- _Data supplied_:
*** Block opens ***
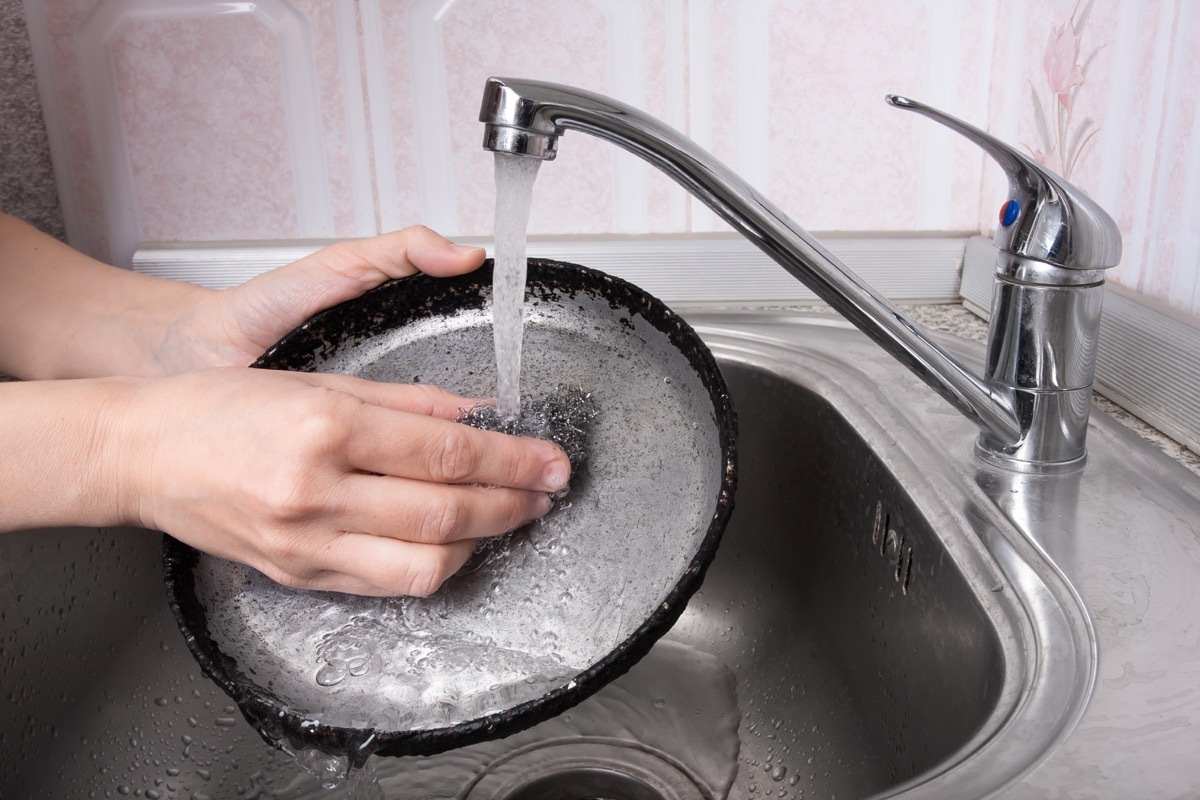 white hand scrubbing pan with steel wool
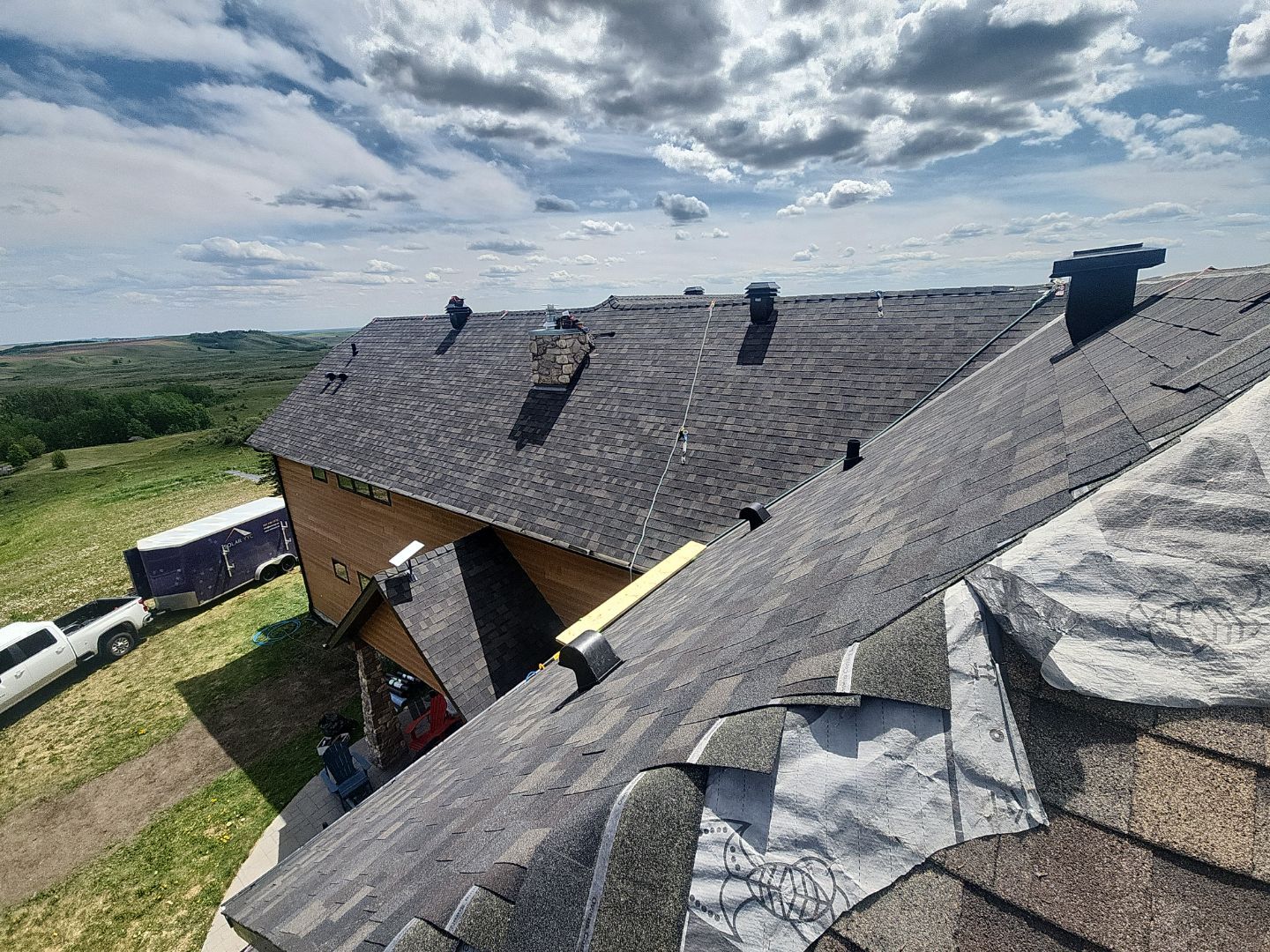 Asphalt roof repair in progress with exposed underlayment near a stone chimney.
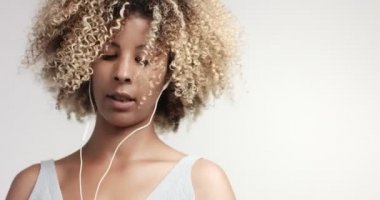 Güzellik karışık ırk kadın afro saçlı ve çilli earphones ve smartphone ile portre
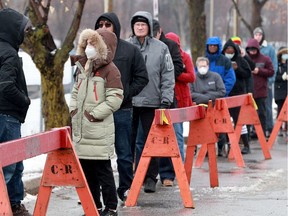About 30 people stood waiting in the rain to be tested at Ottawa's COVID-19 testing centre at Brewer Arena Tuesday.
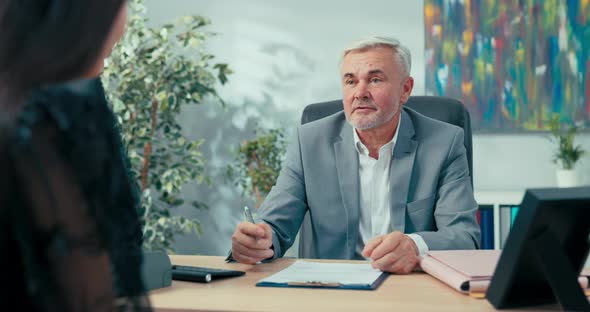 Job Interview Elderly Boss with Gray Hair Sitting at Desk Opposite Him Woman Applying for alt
*** Block closes ***
Repeat every entry exactly, but leave out the pictures.

 white hand scrubbing pan with steel wool
 Asphalt roof repair in progress with exposed underlayment near a stone chimney.
 Güzellik karışık ırk kadın afro saçlı ve çilli earphones ve smartphone ile portre
About 30 people stood waiting in the rain to be tested at Ottawa's COVID-19 testing centre at Brewer Arena Tuesday.
 Job Interview Elderly Boss with Gray Hair Sitting at Desk Opposite Him Woman Applying for alt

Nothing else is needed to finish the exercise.